◆ WHAT TO DO:
Look through the records below for the line holding "live-music-audience". Write it out exactly, with each following line through the line holding "Маратонки Адидас".

◆ MATERIAL PROVIDED:
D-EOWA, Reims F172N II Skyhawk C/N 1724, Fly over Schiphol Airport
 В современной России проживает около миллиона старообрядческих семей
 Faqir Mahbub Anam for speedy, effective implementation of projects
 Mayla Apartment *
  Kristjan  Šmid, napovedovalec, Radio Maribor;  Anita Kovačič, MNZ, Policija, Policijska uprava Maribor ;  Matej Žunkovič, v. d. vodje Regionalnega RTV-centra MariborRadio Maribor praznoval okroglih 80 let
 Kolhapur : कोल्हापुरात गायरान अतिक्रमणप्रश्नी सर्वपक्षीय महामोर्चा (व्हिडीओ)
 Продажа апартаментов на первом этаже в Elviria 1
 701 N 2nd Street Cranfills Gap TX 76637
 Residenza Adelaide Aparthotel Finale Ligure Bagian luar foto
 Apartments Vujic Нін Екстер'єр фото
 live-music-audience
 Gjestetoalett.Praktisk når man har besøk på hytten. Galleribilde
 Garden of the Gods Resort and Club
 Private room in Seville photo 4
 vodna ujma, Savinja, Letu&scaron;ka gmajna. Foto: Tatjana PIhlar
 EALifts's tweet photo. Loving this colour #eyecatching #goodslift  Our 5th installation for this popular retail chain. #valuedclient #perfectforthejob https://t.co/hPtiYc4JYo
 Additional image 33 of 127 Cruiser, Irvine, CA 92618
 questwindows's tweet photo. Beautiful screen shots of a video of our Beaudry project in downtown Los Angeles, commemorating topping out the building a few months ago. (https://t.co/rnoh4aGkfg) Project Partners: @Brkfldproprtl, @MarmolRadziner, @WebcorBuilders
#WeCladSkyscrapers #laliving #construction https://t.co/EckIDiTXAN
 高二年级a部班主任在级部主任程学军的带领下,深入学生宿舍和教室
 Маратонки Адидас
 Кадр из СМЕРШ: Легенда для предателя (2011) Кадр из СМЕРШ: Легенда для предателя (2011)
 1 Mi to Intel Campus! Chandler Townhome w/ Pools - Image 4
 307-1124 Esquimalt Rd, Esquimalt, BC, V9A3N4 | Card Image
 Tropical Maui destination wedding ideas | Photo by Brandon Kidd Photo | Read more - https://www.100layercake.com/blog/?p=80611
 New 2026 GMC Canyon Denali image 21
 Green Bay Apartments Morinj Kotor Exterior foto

◆ SOLUTION TO THIS TASK:
 live-music-audience
 Gjestetoalett.Praktisk når man har besøk på hytten. Galleribilde
 Garden of the Gods Resort and Club
 Private room in Seville photo 4
 vodna ujma, Savinja, Letu&scaron;ka gmajna. Foto: Tatjana PIhlar
 EALifts's tweet photo. Loving this colour #eyecatching #goodslift  Our 5th installation for this popular retail chain. #valuedclient #perfectforthejob https://t.co/hPtiYc4JYo
 Additional image 33 of 127 Cruiser, Irvine, CA 92618
 questwindows's tweet photo. Beautiful screen shots of a video of our Beaudry project in downtown Los Angeles, commemorating topping out the building a few months ago. (https://t.co/rnoh4aGkfg) Project Partners: @Brkfldproprtl, @MarmolRadziner, @WebcorBuilders
#WeCladSkyscrapers #laliving #construction https://t.co/EckIDiTXAN
 高二年级a部班主任在级部主任程学军的带领下,深入学生宿舍和教室
 Маратонки Адидас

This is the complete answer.